The old sofa was temporarily moved to the Florida Room.  We thought we would like it there, but when we had it in place, it just did not fit.  The color was dark and wrong, and the sofa reminded us of the old furniture that was crammed in the room when we first saw the house.  Neither of us liked it in the Florida Room, so we decided to take it to our favorite consignment shop in town.  The owner, Denice, was happy to get the sofa today when we took it in.  We also took in the two brass lamps that we had used in the guest room, and since the palm floor plant that I had brought from Wisconsin no longer fit anywhere, we took that in also.  We probably won't get much money for any of it, but we will get something, and all of those pieces are now out of the house.

Originally, our plan was to use the old sofa in the Florida Room and to disassemble the white Ikea chairs. Once we decided to get rid of the old sofa, we put the Ikea chairs in the room and found that we really liked them.  The living room with the new sofas is a little darker now, so I am happy that we still have seating in the light-filled Florida Room for reading and for sewing.
The Ikea chairs will give us a great place to read and to sew.
We know that we need to find an appropriate table to use
between them.

Two trips to a local fabric store also resulted in two fabrics that we thought might work for recovering the new white chair that we bought for the bedroom.  The chair that we had in that room actually was Rick's from his high school days.  To say that it is an antique probably is not an exaggeration.  The chair was dark wood while everything else in the room is white, so be bought an identical chair to the one that I recovered and use at my desk in the Florida Room.  Once again, the black-and-white fabric has to go, but today we brought home the two possible replacement fabrics.  The one that we both thought was the best did not look as good as the other fabric once we placed them both on the chair.  Go figure.  Now we have to see if we have a staple gun that we can use to recover the chair.  More on that later.

In the little time that we were outside, we tried to just scrape and then paint the soffits.  I have been dizzy a bit, so Rick does not trust me on a ladder.  His shoulders are killing him, so working overhead is torture for him.  We hoped that we could get away with a quick-and-dirty refresh, but that will not be.  After Rick scraped a few feet of the soffit, he primed it.  Later he added the final coat of paint; sadly, the results were not good. We are going to have to buy a palm sander, scrape the soffits, then sand them smooth and patch what needs patching before we can get around to painting.  Whew!  This is going to be a thankless task, so I know why Rick is doing everything in his power to avoid having to start this job.  Unfortunately, we have to finish the soffits before we can concentrate on the walls of the house.
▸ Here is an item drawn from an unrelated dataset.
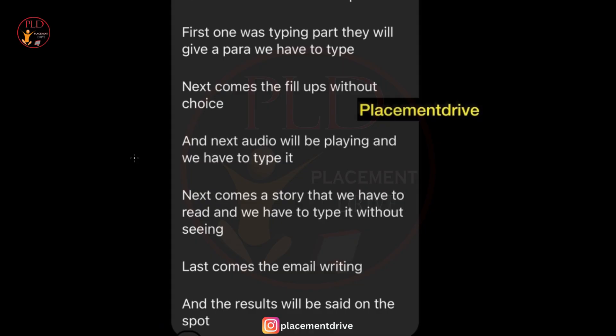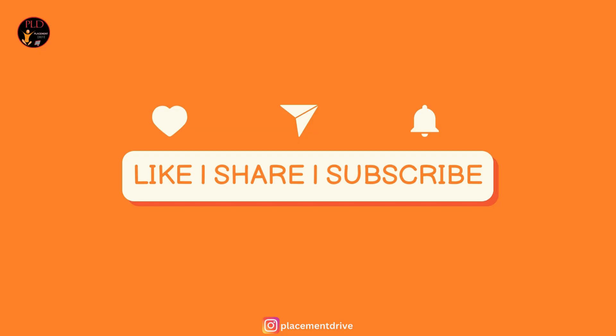These experiences provide insights into the process for the Amazon ML Data Associate role, covering a range of topics from technical knowledge to practical skills and communication ability. If you found this video helpful, hit the like button, subscribe, and share it with your friends.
I also continue to dig around the big stump that we must remove.  I am getting closer to getting the roots exposed so Rick can cut them and the hole deep enough to pull out the stump.  I hope that we can get that yanked out before the brush pick-up on Monday.

As usual, we have more than enough to do.  We will run out of both time and money long before we run out of jobs; however, that is pretty typical for remodeling an old house.

When Rick stopped at the gas station to fill the Camry, I ran inside to buy a lottery ticket.  The jackpot is up to $400 million.  Who knows?  If we win, we actually will have enough money to hire someone to put in new soffits.  Strangely enough, neither of us wants to move from Gladys.  We would just hire the work done to finish her and be perfectly happy to sit back and relax.  The nice thing about dreams: they are always free.